The department neglected its leadership role, the written report said, by failing to apply its trove of data nerveless from the California Healthy Kids Survey, which asks children in four grade levels questions well-nigh school rubber and connectedness, to guide improvements in practices and policy. "By failing to perform whatever analysis of the Kids Survey results, educational activity is missing an opportunity to evaluate trends in students' views on school climate, which could better inform both it and the Legislature on boosted steps that could exist taken to improve schoolhouse safety in California," the written report stated. Because of a federal budget cut, California schools are no longer required to administrate the survey every two years to be in compliance with the federal Safe and Drug-Free Schools and Communities Act.

Also criticized was the section'southward website of bullying resources for schools, with auditors determining that the site was cluttered with 10-year-quondam inquiry, a dead link, and little data on electric current issues such as online bullying or bullying related to existence perceived as gay or lesbian. In its survey, the audit constitute that more than one-half of the schoolhouse districts, charter schools and county offices of educational activity were unaware that the department even had resource to assist them in complying with laws to protect students from harassment and discrimination.
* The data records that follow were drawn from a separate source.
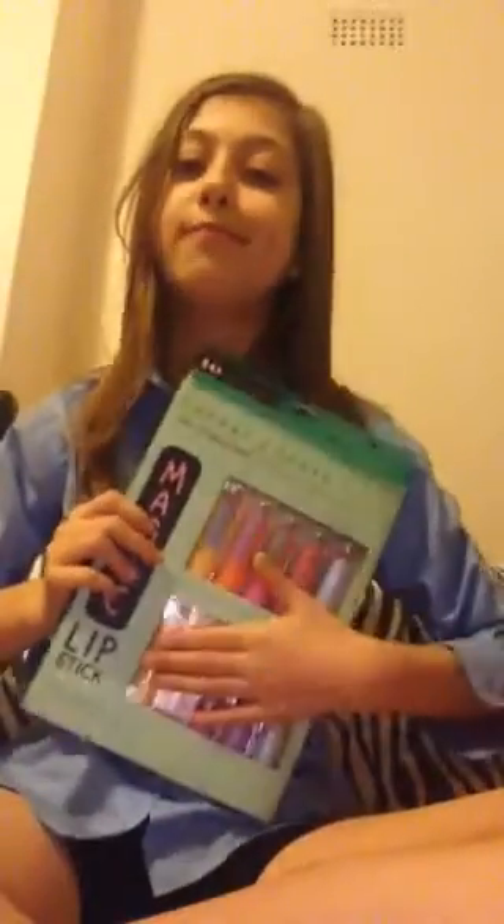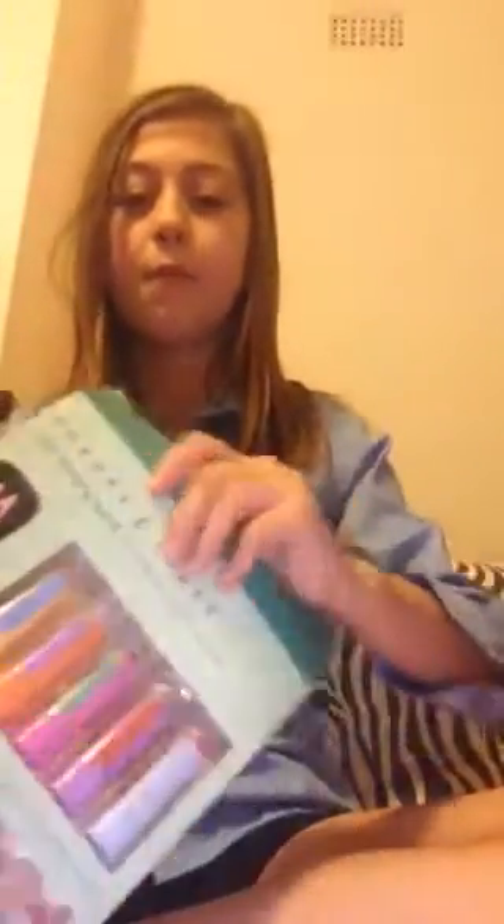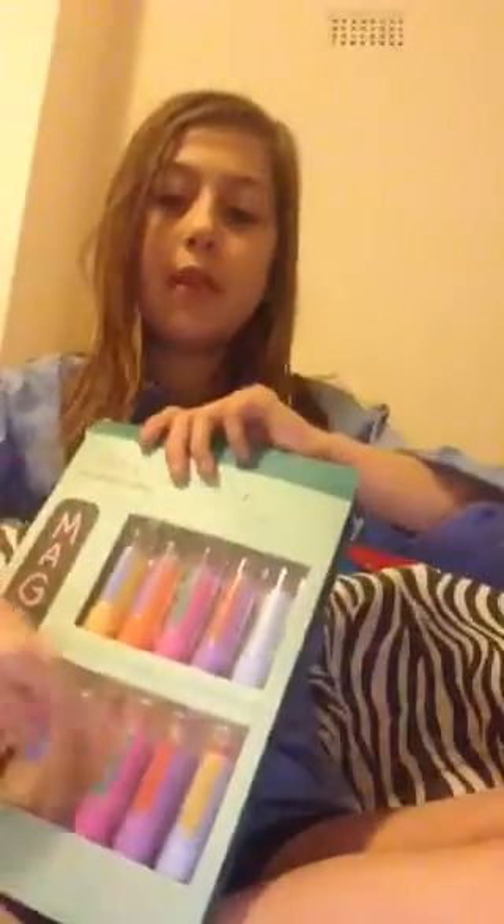Next thing I got was a magic lipstick set — it's 10 lipsticks, they all come one by one. I'll bring them out and tell you the smells and flavors. So the first one — this flavor is caramel, and this is like one of my favorites.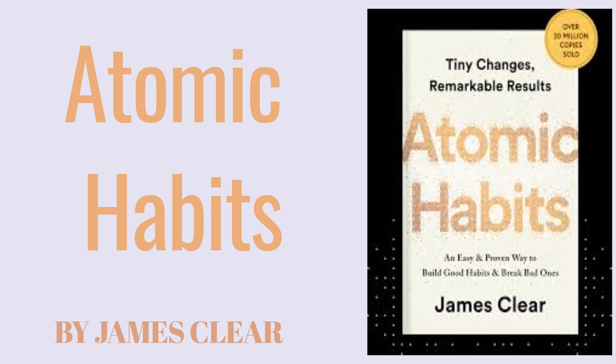Atomic Habits by James Clear is one of the most impactful books on personal development and habit formation, offering a transformative approach to building good habits and breaking bad ones. Clear emphasizes that success is not the result of massive changes but of small, incremental improvements made consistently over time. Let's break down the core concepts of this book in a way that provides practical solutions to your everyday challenges, helping you understand how small habits can lead to significant, lasting change.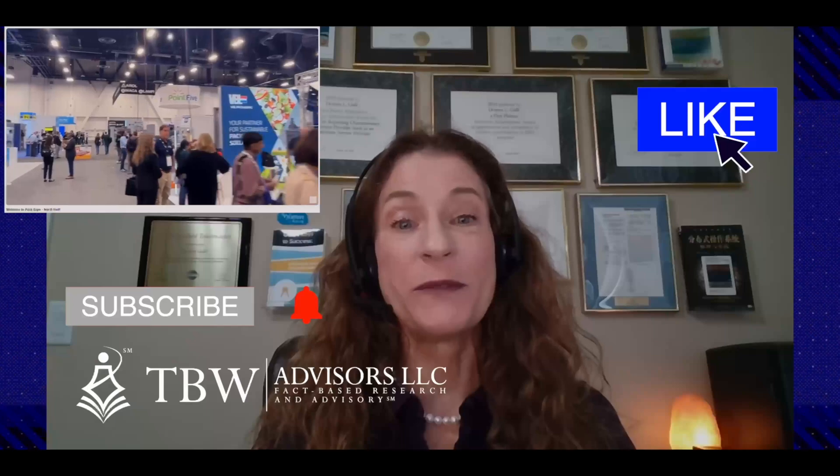Readers and viewers wishing to experience the entire event are encouraged to view the Conference Whispers Pack Expo Las Vegas 2025 playlist in its entirety. The video edition is available, and the playlist will be cited as a pinned comment, on the end screen, as well as in the description. It is also easy to locate any previous Conference Whispers playlist through the TBW Advisors LLC corporate website.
Zeiger, the state official, disputed that audit's contention that the department was non a leader in protecting students.
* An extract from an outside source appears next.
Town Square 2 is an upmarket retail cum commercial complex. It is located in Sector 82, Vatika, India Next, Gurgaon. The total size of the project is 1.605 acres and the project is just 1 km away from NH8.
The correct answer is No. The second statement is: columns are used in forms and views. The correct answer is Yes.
"Protecting student safety and guarding against discrimination are top priorities at the California Section of Pedagogy," he said, "and the department has been a leader in the prevention of bullying and assisting schools, parents and students in safety issues."

Complaint procedure faulted

The audit noted that schools are encouraged to use their own staff to resolve bullying complaints quickly, but that resolving complaints internally could lead to conflicts of involvement. The audit cited 2 incidents in Sacramento City Unified School District where the administrator who was assigned to resolve a complaint of bullying, harassment, intimidation or discrimination was the aforementioned person named in the complaint for allegedly declining to have appropriate action to address the pupil incident. The audit did not provide details about the specific complaints.

Sacramento Metropolis volition have immediate activeness to strengthen its anti-bullying efforts, said district spokesman Gabe Ross. He added that the district was the first in the surface area to implement a comprehensive anti-bullying policy and now has a total-fourth dimension, grant-funded anti-bullying specialist at the commune level.

"Our schools are certainly safer for kids than they were before we began this piece of work ii years ago," Ross said.